Freiburgs Robin Koch feiert DFB-Debüt: Papa Harry ist stolz wie Oskar

Dortmund/Freiburg - Besser kann der Rahmen für ein Debüt in der deutschen Nationalmannschaft kaum sein. Im riesigen Dortmunder Signal-Iduna-Park durfte Robin Koch im Test gegen Argentinien (2:2) zum ersten Mal mit dem Bundesadler auf der Brust auflaufen!

Kaiserslauterns Spieler Harry Koch bedankt sich nach seinem letzten Spiel beim 1. FC Kaiserslautern zusammen mit seinen Söhnen Robin (l.) und Luis bei den Fans.
Kaiserslauterns Spieler Harry Koch bedankt sich nach seinem letzten Spiel beim 1. FC Kaiserslautern zusammen mit seinen Söhnen Robin (l.) und Luis bei den Fans.  © Frank May/dpa

Der blonde Verteidiger des Fußball-Bundesligisten SC Freiburg konnte sein Glück kaum fassen: "Ich habe das noch gar nicht alles realisiert. Das ist alles so schnell gegangen", sagte der 23-Jährige nach der Partie.

"Für mich ist ein Traum in Erfüllung gegangen. Das versuche ich jetzt mitzunehmen", so der 1,90 Meter große Hüne.

Das Debüt ermöglicht hatte ihm Bundestrainer Jogi Löw, der ihn aufgrund von Personalnot nachnominierte.

"Der Robin Koch hinten in der Abwehr war sehr stabil und selbstbewusst, hatte eine gute Ausstrahlung. Er kam am Tag vorher zur Mannschaft und hat keine Anzeichen von Nervosität gezeigt", bewertete Löw die Leistung des 23-Jährigen.

Vielleicht keine Nervosität, aber fehlende Erfahrung war Koch dann allerdings doch anzumerken, als er sich vom Leverkusener Stürmer Lucas Alario in der 66. Minute etwas abkochen ließ.

Der Argentinier nutzte aus, dass Koch etwas zu weit von ihm entfernt stand und erzielte den 2:1-Anschlusstreffer für Argentinien.

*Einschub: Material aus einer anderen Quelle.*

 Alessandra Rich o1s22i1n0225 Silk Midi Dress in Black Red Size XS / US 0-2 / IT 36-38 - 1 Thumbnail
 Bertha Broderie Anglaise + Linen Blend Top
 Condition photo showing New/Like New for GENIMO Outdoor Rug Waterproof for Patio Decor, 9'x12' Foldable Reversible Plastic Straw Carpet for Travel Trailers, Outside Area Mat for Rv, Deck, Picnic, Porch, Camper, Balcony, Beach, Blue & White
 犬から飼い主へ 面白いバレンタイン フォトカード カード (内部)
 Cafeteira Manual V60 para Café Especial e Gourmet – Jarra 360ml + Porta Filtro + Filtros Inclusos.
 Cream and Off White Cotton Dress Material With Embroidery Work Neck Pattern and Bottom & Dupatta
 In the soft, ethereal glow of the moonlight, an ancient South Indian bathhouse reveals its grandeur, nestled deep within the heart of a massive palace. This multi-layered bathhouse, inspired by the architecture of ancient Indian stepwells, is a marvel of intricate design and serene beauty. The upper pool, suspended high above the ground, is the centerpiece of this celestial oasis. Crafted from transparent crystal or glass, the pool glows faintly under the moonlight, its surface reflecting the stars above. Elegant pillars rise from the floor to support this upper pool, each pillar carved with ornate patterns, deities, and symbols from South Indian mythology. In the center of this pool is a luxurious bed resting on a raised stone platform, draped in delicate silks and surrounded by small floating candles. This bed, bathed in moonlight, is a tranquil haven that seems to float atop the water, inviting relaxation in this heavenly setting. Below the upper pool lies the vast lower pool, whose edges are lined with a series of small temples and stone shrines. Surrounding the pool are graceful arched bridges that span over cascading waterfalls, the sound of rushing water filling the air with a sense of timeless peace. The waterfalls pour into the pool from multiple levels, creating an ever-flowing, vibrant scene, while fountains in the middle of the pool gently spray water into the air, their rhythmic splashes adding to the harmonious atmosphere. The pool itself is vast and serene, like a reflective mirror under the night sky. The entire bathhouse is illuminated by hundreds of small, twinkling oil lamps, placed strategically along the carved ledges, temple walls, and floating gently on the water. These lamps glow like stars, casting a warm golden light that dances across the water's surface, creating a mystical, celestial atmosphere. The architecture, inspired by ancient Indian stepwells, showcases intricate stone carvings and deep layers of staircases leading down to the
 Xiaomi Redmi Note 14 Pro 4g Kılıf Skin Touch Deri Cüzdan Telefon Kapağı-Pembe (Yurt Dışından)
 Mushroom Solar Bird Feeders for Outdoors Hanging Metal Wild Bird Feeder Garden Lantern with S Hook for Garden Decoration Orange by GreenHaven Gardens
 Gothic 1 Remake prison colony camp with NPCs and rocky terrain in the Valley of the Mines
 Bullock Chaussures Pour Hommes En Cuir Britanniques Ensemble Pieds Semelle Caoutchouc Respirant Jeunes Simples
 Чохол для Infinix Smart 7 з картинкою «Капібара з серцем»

Nach DFB-Debüt: Harry Koch ist stolz auf sein Sohn Robin Koch

Robin Koch (r.) feierte beim Freundschaftsspiel Deutschland gegen Argentinien sein Debüt für die deutsche Nationalmannschaft
Robin Koch (r.) feierte beim Freundschaftsspiel Deutschland gegen Argentinien sein Debüt für die deutsche Nationalmannschaft  © Bernd Thissen/dpa

Dass Koch noch lernen muss, ist klar, stolz wie Oskar war sein berühmter Papa Harry Koch natürlich dennoch: "Ich denke schon, dass er sich empfohlen hat. Ich hoffe, dass der Weg nach oben geht", sagte der 49-Jährige am Donnerstag der Deutschen Presse-Agentur.

"Dass es jetzt so schnell ging, freut uns natürlich sehr. Es macht einen stolz. Er hat es sich auch verdient", so Harry Koch weiter.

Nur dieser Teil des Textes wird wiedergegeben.